There has been debate through the years about whether the Ouija Board is a harmless childhood diversion or a manifestation of evil.
The “talking boards” first became popular after the Civil War, used by spiritualists to contact the dead. The name “Ouija” was supposedly the name of a ghost spelled out to a practitioner of seances. The Hasbro toy company took the copyright on the name, but it’s used generically these days for such occult practices. The Ouija Board has been a much-used motif in urban legends centered on the supernatural. The Ouija Board is part of the plot of The Exorcist, Regan’s first contact with evil spiritual forces. The Ouija Board has widely been criticized and condemned by Christian churches (Catholic and Protestant.)
But a scientific test of the device by the National Geographic Society using blindfolded participants found that the thing didn’t really work at all.
I would be tempted to think of the Ouija Board as an innocuous plaything. But if Woodrow Wilson was a fan… Yeah, it must be evil incarnate.
Published in Entertainment
Preach it, brother! Preach it!
Like so many other things in this life, you get out of a Ouija Board what you put into it.
Wilson was a big fan of The Birth of a Nation too.
“History written with lightning” or some such thing.
Plus what any evil spirits who are hanging around put into it.
That sentence alone convinced me to like this.
Burn the witch!
And by witch I mean technocratic racist lying tyrant.
My son is studying this period in college and is appaled by zhow fast Mr. ” He kept us out of war” went to war.
.
Is the title a Stephen Wright line?
“I used my microwave to reheat some instant coffee and almost went back in time.”
It’s odd, we had some family over a couple weeks ago, talking about scary movies, ghosts and such. The Ouija board topic came up. Me and two of my sisters-in-law agreed: don’t mess with that “door”, don’t play around with that “gate”. I’d consider myself a pretty skeptical person but see no need to call down the thunder on things like this.
I miss and reflect daily the loved ones in my life, imagine conversations with them, imagine the guidence they’d give me on issues and problems I face but I just would not ever ‘rattle that particular cage’.
And what ever you do, do NOT watch that movie White Noise.
I don’t mean the new White Noise, that sounds like some retarded woke mess. (I had to search for the 2005 movie you shouldn’t watch by adding the phrase “not that retarded woke mess.” My link then appeared in the first page.)
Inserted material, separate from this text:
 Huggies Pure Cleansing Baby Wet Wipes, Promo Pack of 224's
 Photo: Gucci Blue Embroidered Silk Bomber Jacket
I remember back in a psych class the story that some psychologists, I think, tried to summon a poltergeist, and named it, and spent days or weeks together every day calling it, and talking to it, and trying to summoning it, until one day a poltergeist answering to that name showed up. They were very frightened and quit the experiment. This was presented as true at the time, but I never heard any more about it. But it makes sense that if you call them, they will come.
I don’t believe in ghosts and demons.
Playing with a Ouija Board is probably the best way to start though.
Well of course, if the spirits need your eyes to see the board, it won’t work if you’re blindfolded.
The boy whose actual exorcism inspired Blatty’s book “The Exorcist”, was messing around with an ouija board that he was introduced to by a spiritualist aunt.
I thought that it came from oui and ja, foreign words for yes. Glad to learn something new today.